• **Given entries**
· · · · ·
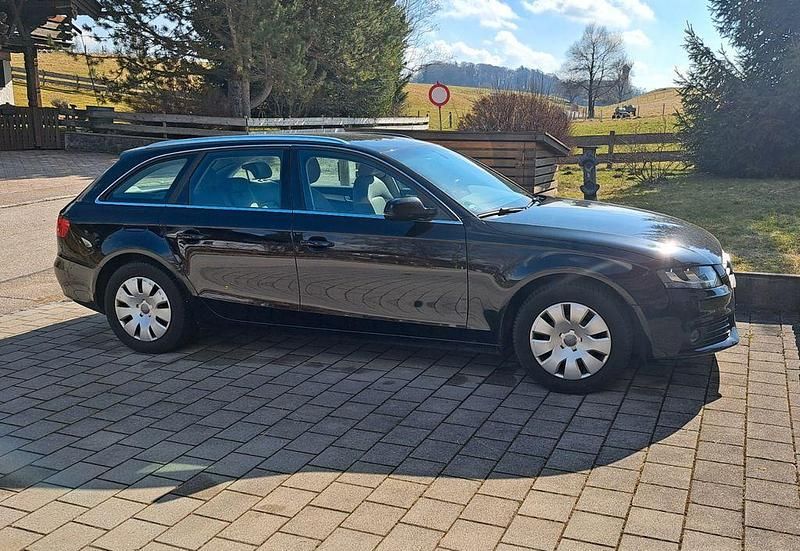 Gebraucht Audi A4 Attraction 143 PS (105 kW) 2011 Schwarz Kombi
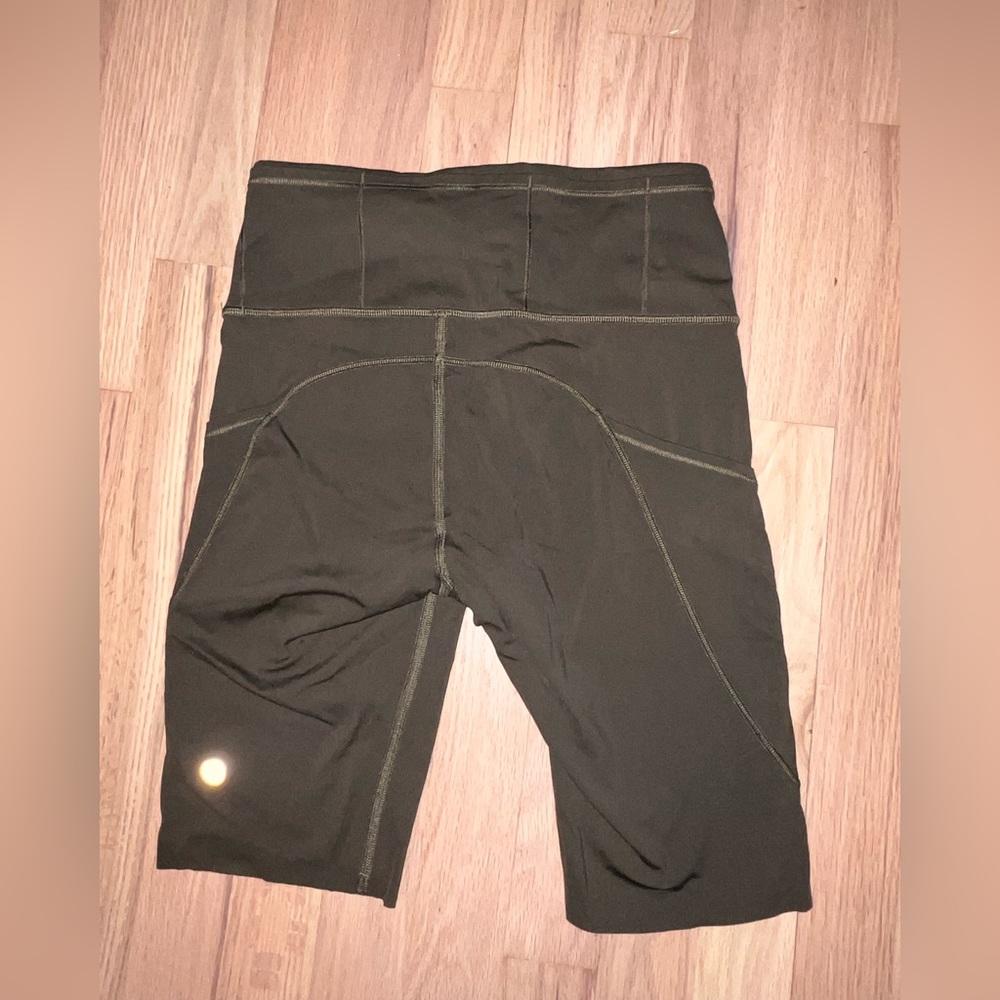Lululemon bike short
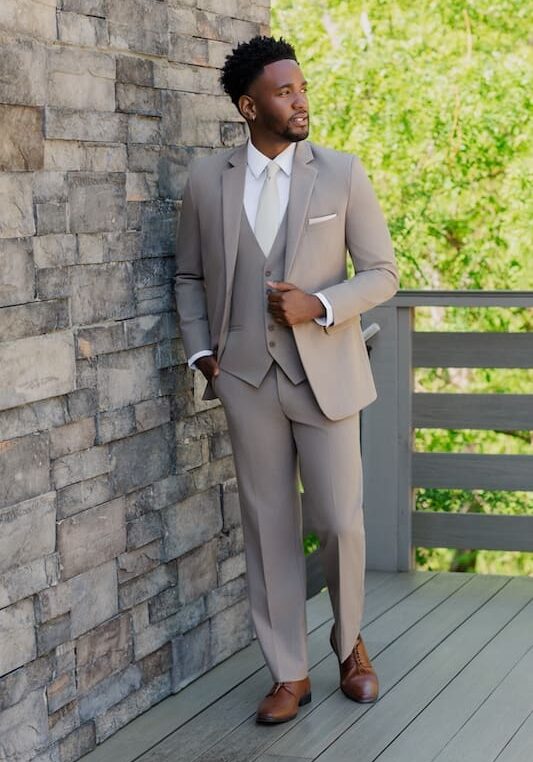 2026_Metro_Suit_Taupe_190_WEB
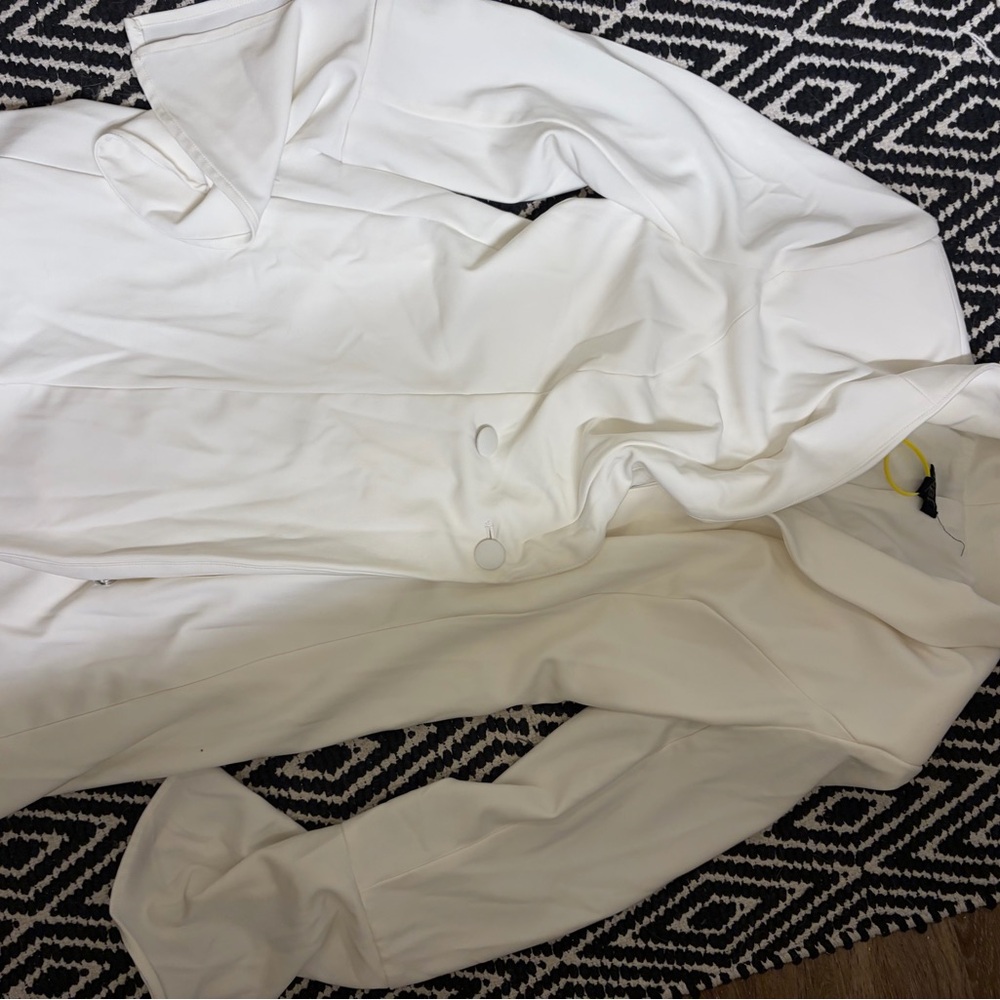NBD Elegant Cream Women's blazer dress - Picture 3 of 4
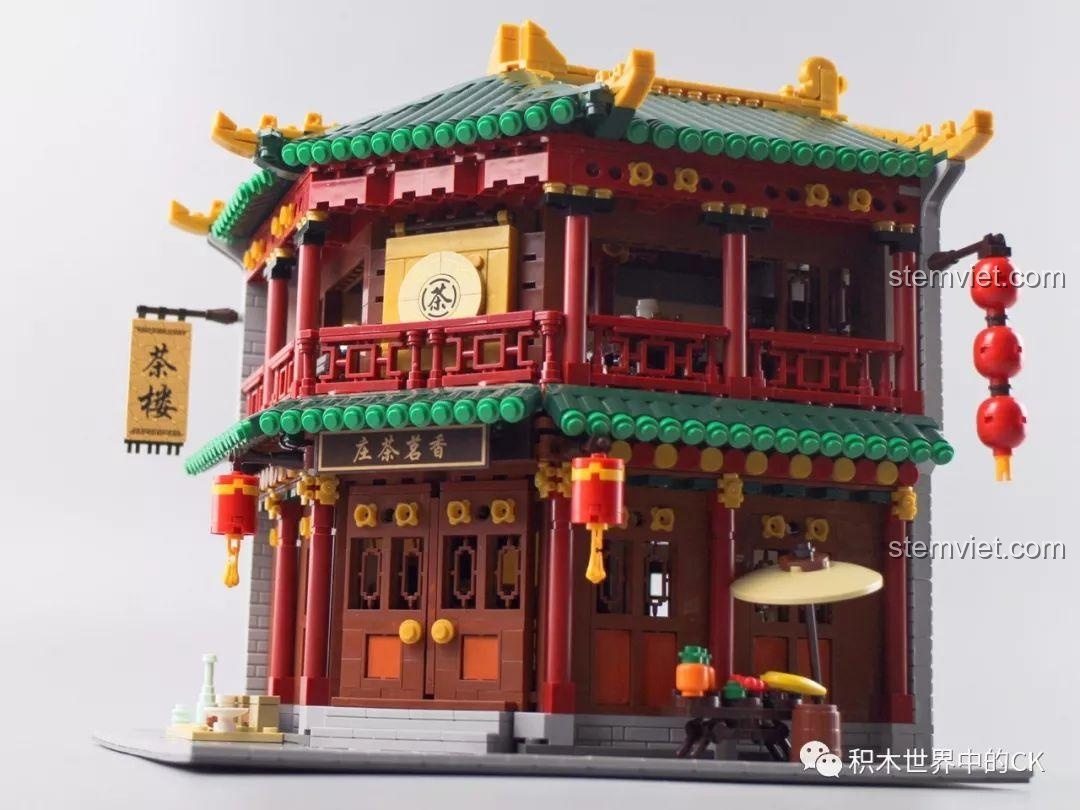 Mặt sau của 4 nhân vật minifigure, cho thấy sự đa dạng trong thiết kế trang phục.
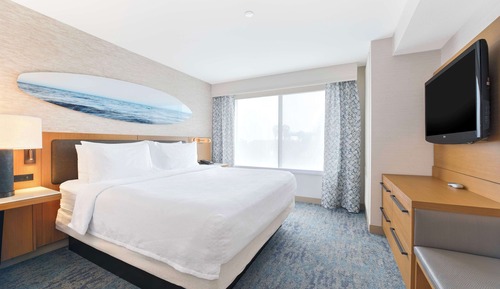 Suite, 1 King Bed with Sofa bed, Non Smoking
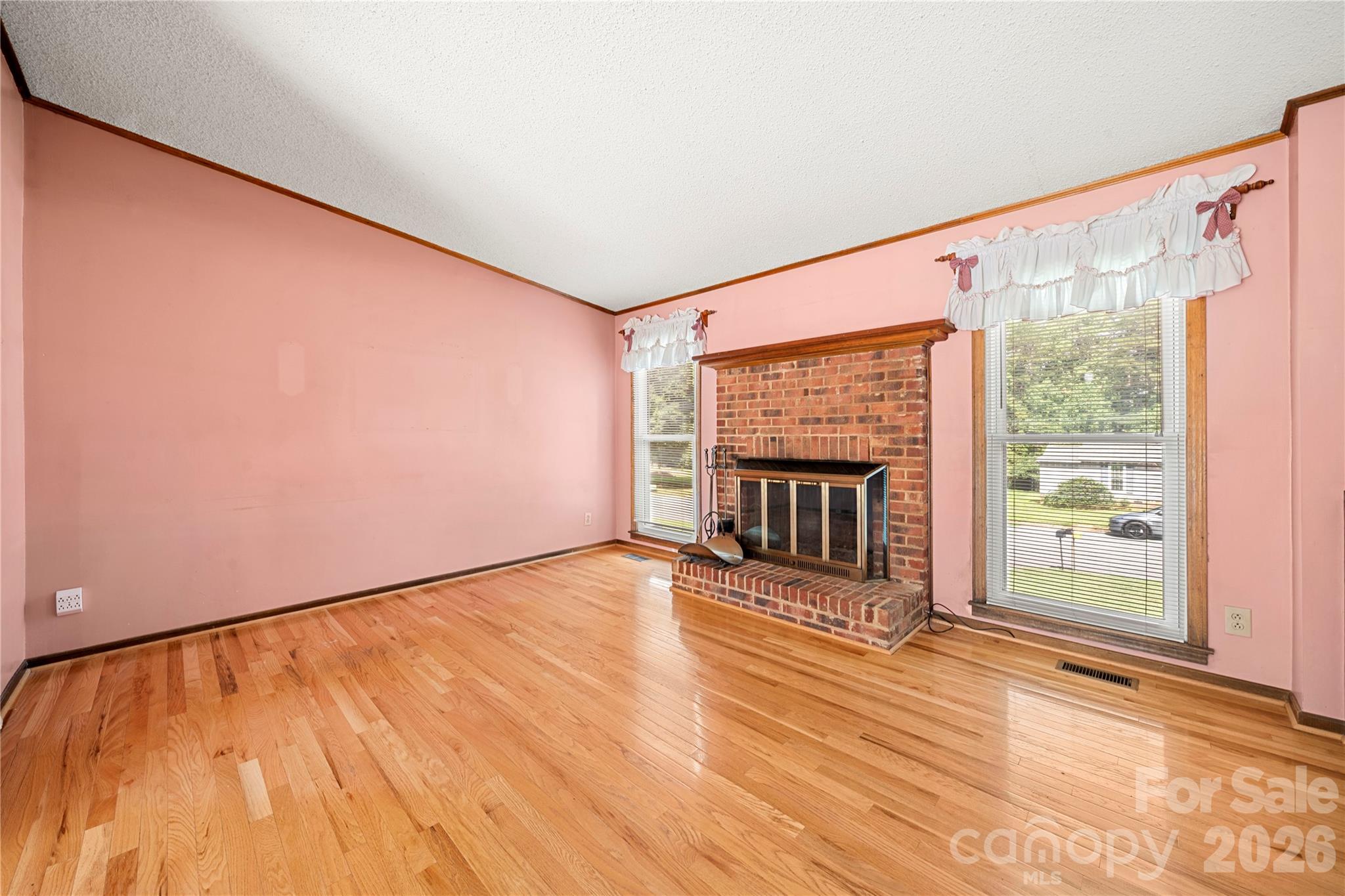 1810 Oak Hollow Road — Gastonia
· · · · ·
• **Problem requirements**
An exact transcript is required, covering the lines from the one containing "NBD Elegant Cream" through the end of the listing above, inclusive, without pictures.

• **Response area**
NBD Elegant Cream Women's blazer dress - Picture 3 of 4
 Mặt sau của 4 nhân vật minifigure, cho thấy sự đa dạng trong thiết kế trang phục.
 Suite, 1 King Bed with Sofa bed, Non Smoking
 1810 Oak Hollow Road — Gastonia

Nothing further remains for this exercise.